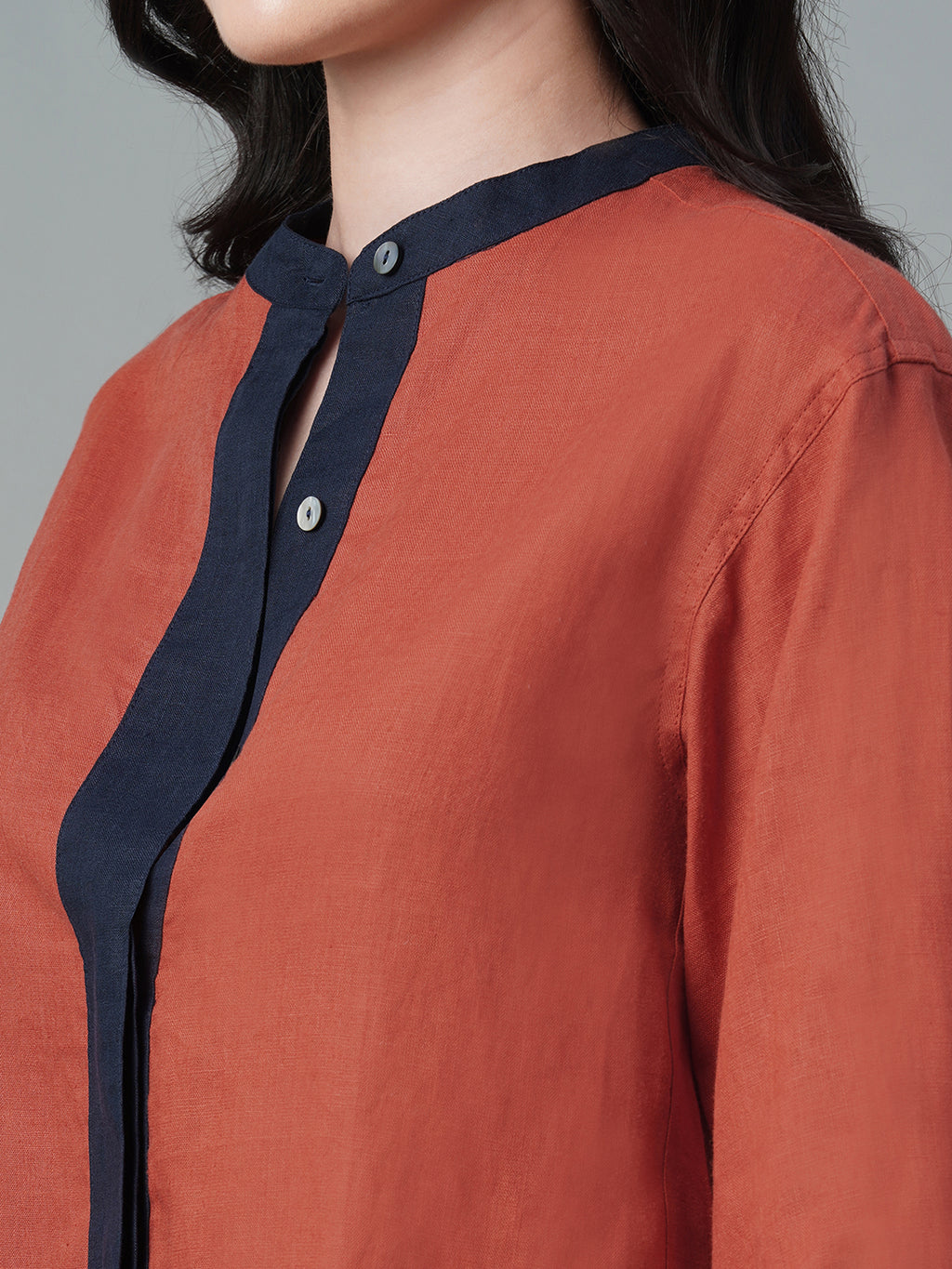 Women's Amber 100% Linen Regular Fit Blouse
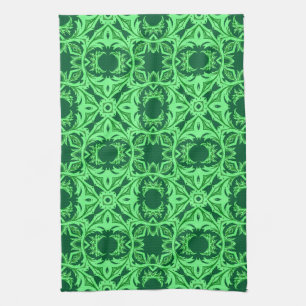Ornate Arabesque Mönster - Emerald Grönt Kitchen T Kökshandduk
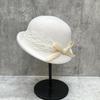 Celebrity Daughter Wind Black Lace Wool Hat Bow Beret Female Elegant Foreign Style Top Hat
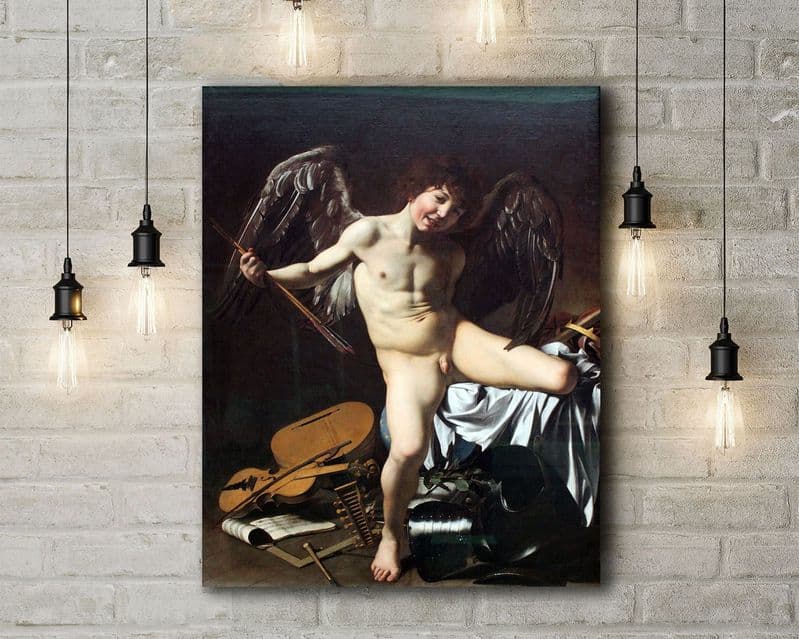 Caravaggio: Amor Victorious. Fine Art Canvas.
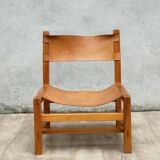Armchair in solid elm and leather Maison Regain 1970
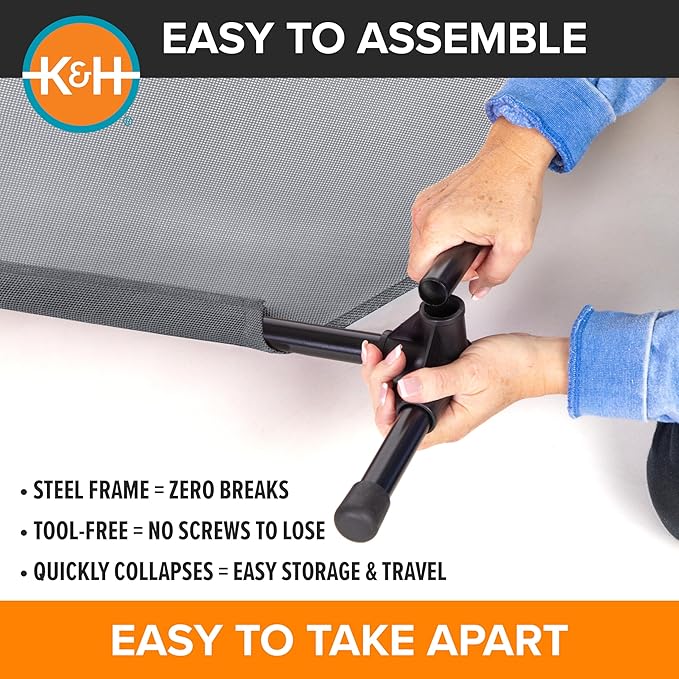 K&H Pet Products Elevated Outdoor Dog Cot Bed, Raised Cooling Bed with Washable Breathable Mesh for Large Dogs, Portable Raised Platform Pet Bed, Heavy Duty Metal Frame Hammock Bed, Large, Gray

++++

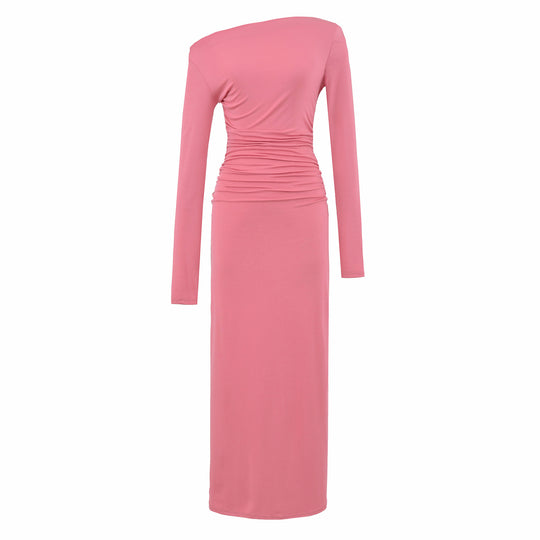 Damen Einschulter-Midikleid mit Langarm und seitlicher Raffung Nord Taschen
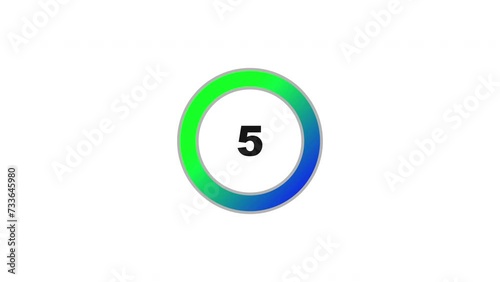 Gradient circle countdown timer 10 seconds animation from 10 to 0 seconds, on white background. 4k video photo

++++

▸ **WHAT IS BEING ASKED**
Without the pictures, set down the lines above from the line with "Women's Amber 100% Linen Regular Fit Blouse" up to and including the line with "K&H Pet Products" exactly as they stand.

▸ **YOUR SOLUTION**
 Women's Amber 100% Linen Regular Fit Blouse
Ornate Arabesque Mönster - Emerald Grönt Kitchen T Kökshandduk
 Celebrity Daughter Wind Black Lace Wool Hat Bow Beret Female Elegant Foreign Style Top Hat
 Caravaggio: Amor Victorious. Fine Art Canvas.
Armchair in solid elm and leather Maison Regain 1970
 K&H Pet Products Elevated Outdoor Dog Cot Bed, Raised Cooling Bed with Washable Breathable Mesh for Large Dogs, Portable Raised Platform Pet Bed, Heavy Duty Metal Frame Hammock Bed, Large, Gray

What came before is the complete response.